The reasons for this are pretty obvious – thinner, lighter laptops, and greater density of connectors for workstations.
My first experience with the USB-C connector type was last year when I purchased an HP zBook Studio (it features 2x Thunderbolt 3 ports). At that time, there weren’t a lot of USB-C devices.
Then, of course, Apple released the new MacBook Pro which only features Thunderbolt 3 ports – which use the USB-C connector (Thunderbolt can handle the USB protocol) and the popularity of USB-C devices, adapters & cabling has predictably risen.
Since I travel a lot, I’ve been looking for something that was small & superfast. While Lacie, G-Tech and others offer turnkey solutions for this sort of thing, I didn’t want to pay a premium for a portable drive, so I went looking for a case that I could populate myself.
I soon discovered the Mediasonic ProRaid 2-Bay USB C enclosure.
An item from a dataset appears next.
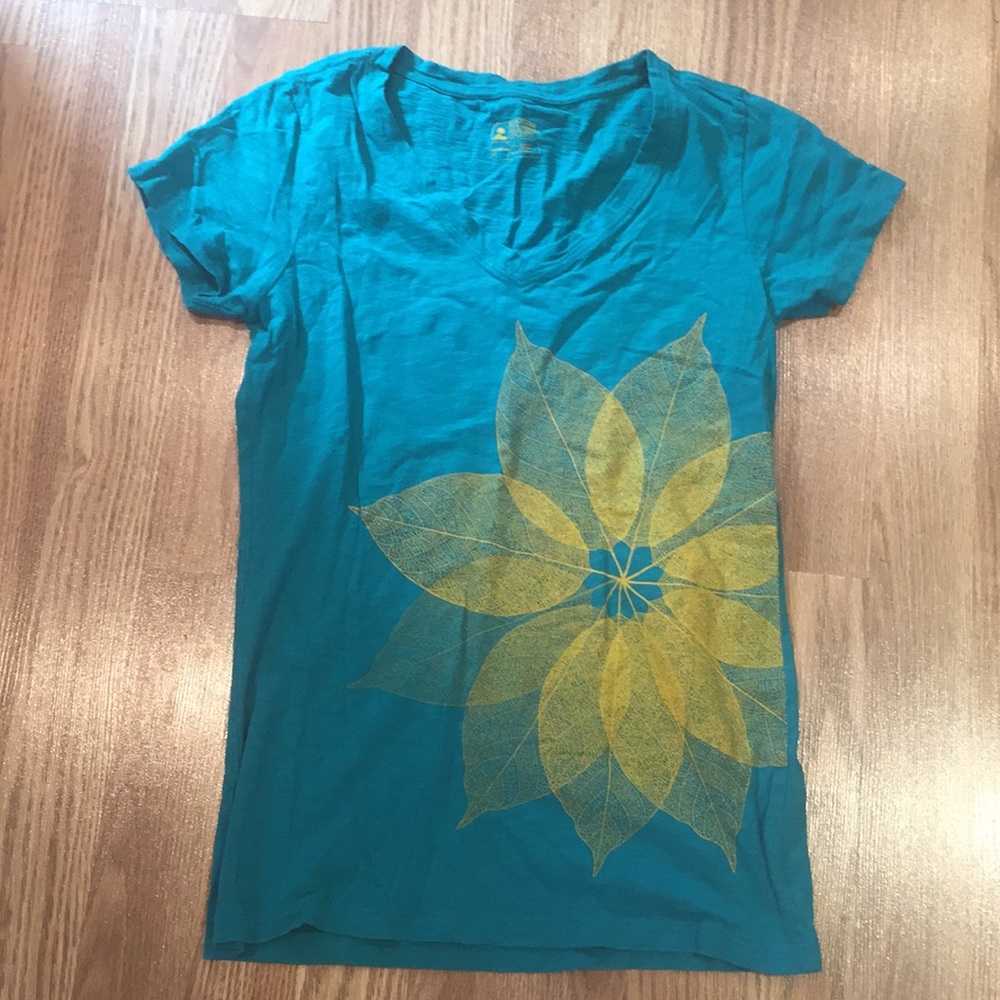 Eastern Mountain Sports XS t-shirt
This nifty little enclosure features 2 bays that can be filled with regular 2.5″ mechanical drives or 7 & 9.5mm SSDs. It features a single USB-C connector and a power connector. If a USB-C port, or in my case Thunderbolt 3 port on my zBook Studio spits out enough power, it can be bus powered with no need for external power – which is nice for a RAID.
Not wanting to break the bank, I saved $30/drive and didn’t order my go to Samsung 850 SSDs, but instead ordered two 480GB PNY SSDs, which are pretty popular too.
Prior to installing the drives, I used the little dip-switches inside the case to configure the built-in RAID controller to RAID 0 – but it can also be configured as RAID 1, JBOD or Single Disk (meaning with two disks installed each will mount as a separate drive).
Oddly, my copy of this case didn’t ship with directions! But I did find them HERE.
After getting everything installed and connected up to my zBook, I formatted the drive on my PC and did some simple benchmarking with the Blackmagic speed test. The results are below – as you can see it’s not blazing, but still very fast. While it’s unrealistic to expect a doubling of performance with 2xSSDs I would have been happier with reads closer to 1000 MB/s, but 880 is still pretty darn good!
You can have nearly a TB of fast portable storage that is very convenient because it can be bus powered for not a lot of money. I’m really happy with this setup!
Next Month….Err…This Month!
Again, my apologies for the calendar screw up. In the next installment of Color Correction Gear Head, I have a few recently announced items to discuss (wink wink) & I want to explore some of the expansion options available from Cubix and more. Stay tuned.
As always if you have questions or something to add to the article please use the comments below.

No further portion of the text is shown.